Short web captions

════

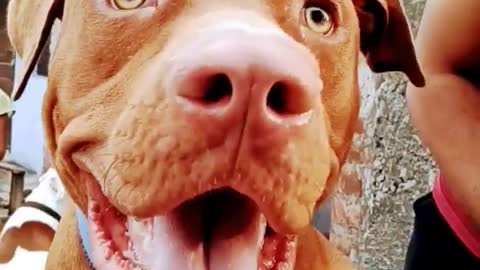 pitbull Dog 🐕 #funnydogs#doglovers#youtubeshorts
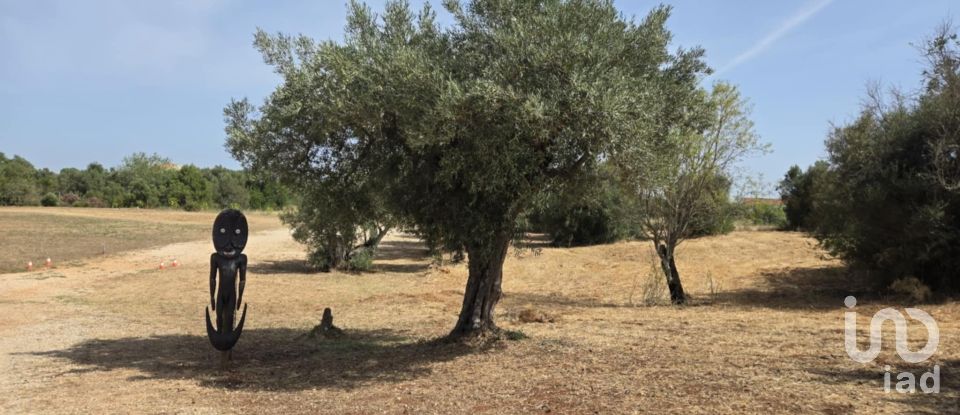 Land in Paderne of 8,280 m²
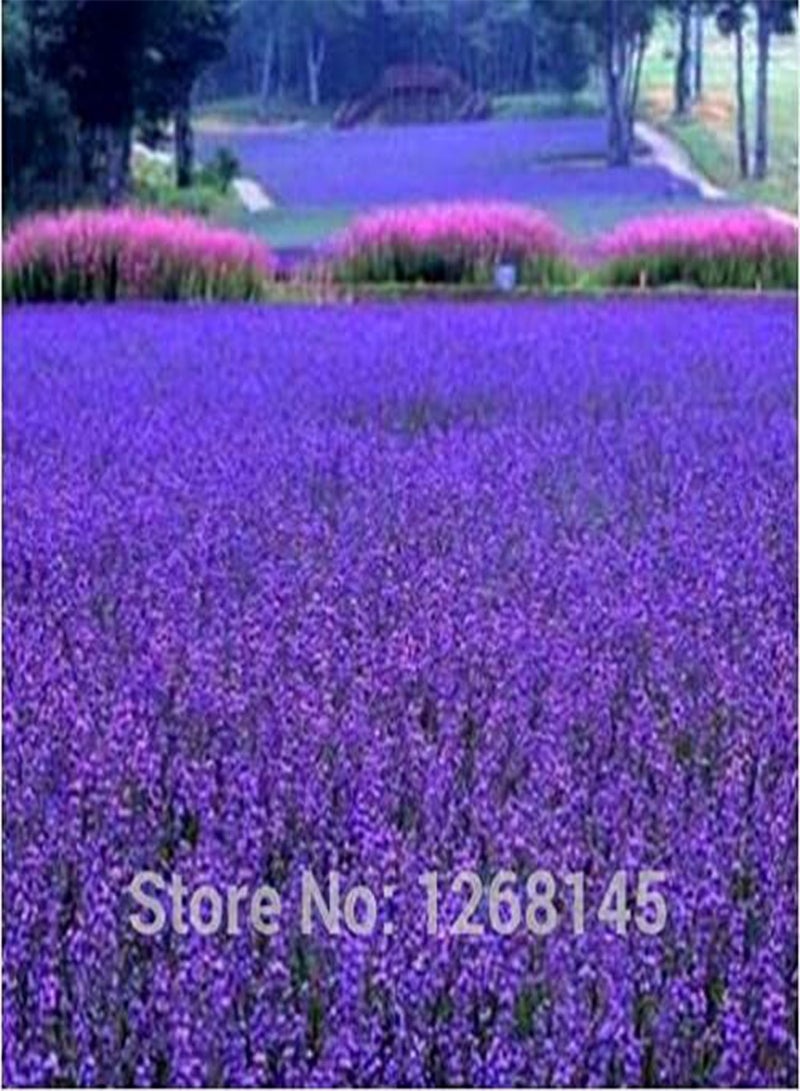 GGOOT 200pcs/lot Garden Aromatic Plants Little Girl Lavender,French Provence Lavender Seeds Potted Plant Seeds Very Fragrant 4 - Image 2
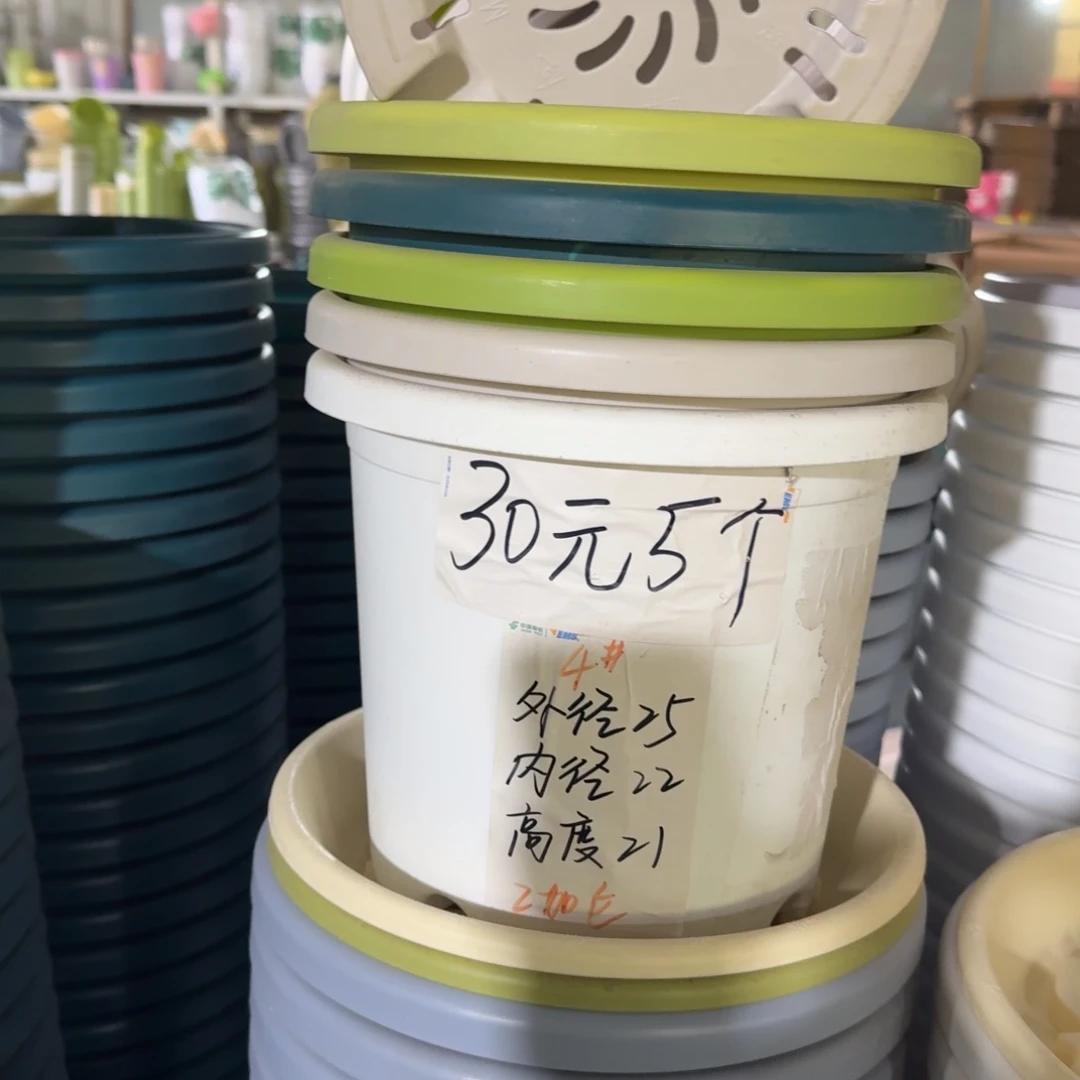 四季4#口径25无拖果绿10个
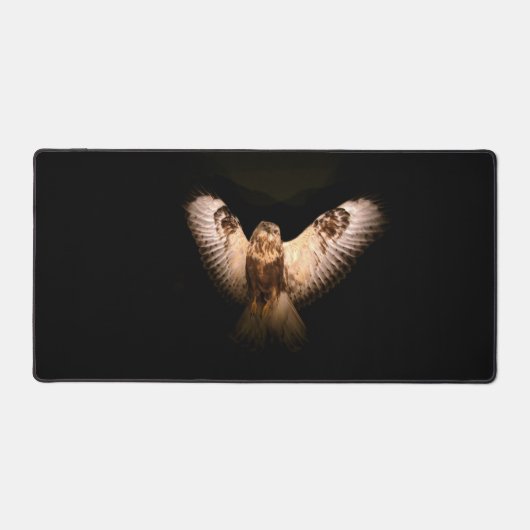 Chouette Dans Le Mat Du Bureau De Vol (Recto)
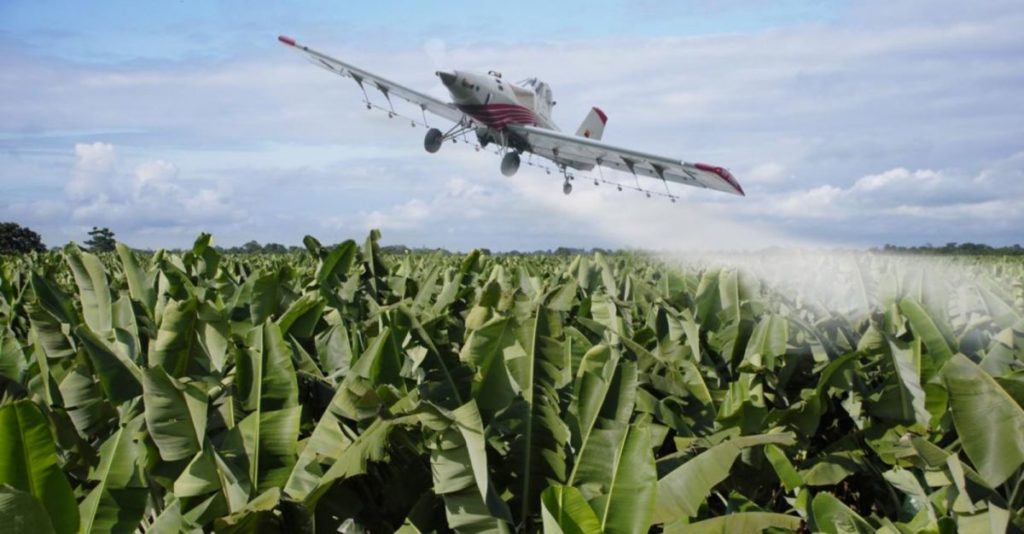 Los productores de Plátano de Canarias piden que España siga la línea de Francia e impulse medidas que igualen las condiciones de uso de fitosanitarios para las importaciones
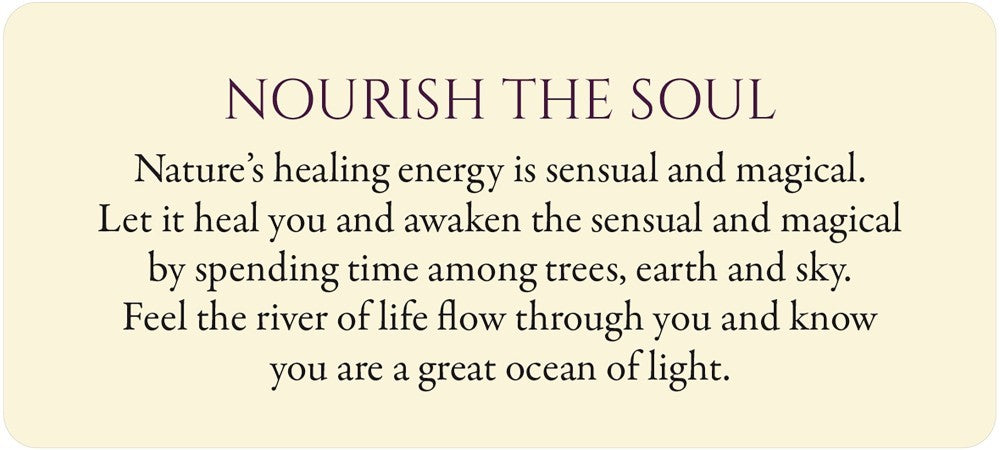 nourish the soul card
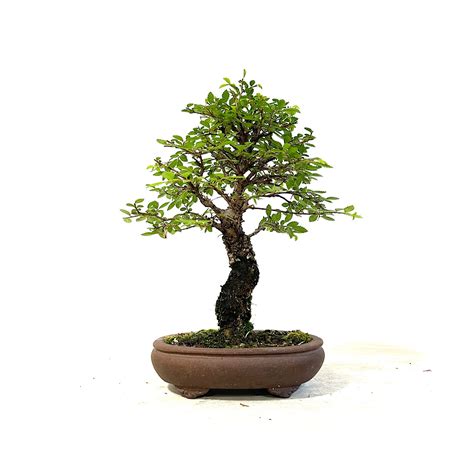 Bonsái olmo nireyaki o zelkova parvifolia medidas 23x17 cm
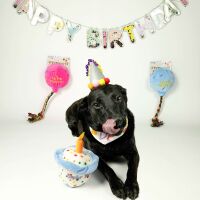 Gift for Dogs & Cats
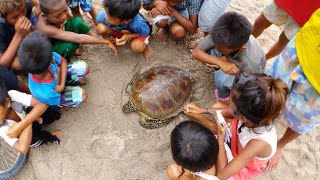 Green sea turtle release after recovery - Dahican Beach - Philippines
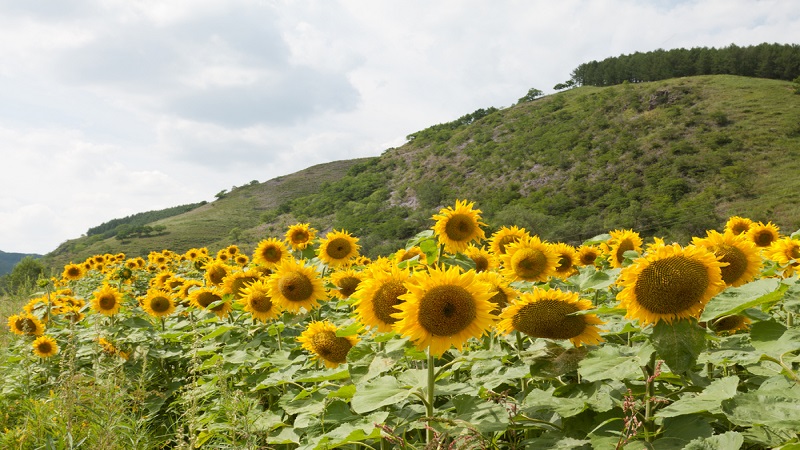China Sunflower Seed - China_sunflower_seeds_4.jpg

════

What you will do: In the copy, include every line of the entries above exactly and none of the pictures.

Expected answer:
 pitbull Dog 🐕 #funnydogs#doglovers#youtubeshorts
 Land in Paderne of 8,280 m²
 GGOOT 200pcs/lot Garden Aromatic Plants Little Girl Lavender,French Provence Lavender Seeds Potted Plant Seeds Very Fragrant 4 - Image 2
 四季4#口径25无拖果绿10个
 Chouette Dans Le Mat Du Bureau De Vol (Recto)
 Los productores de Plátano de Canarias piden que España siga la línea de Francia e impulse medidas que igualen las condiciones de uso de fitosanitarios para las importaciones
 nourish the soul card
 Bonsái olmo nireyaki o zelkova parvifolia medidas 23x17 cm
 Gift for Dogs & Cats
 Green sea turtle release after recovery - Dahican Beach - Philippines
China Sunflower Seed - China_sunflower_seeds_4.jpg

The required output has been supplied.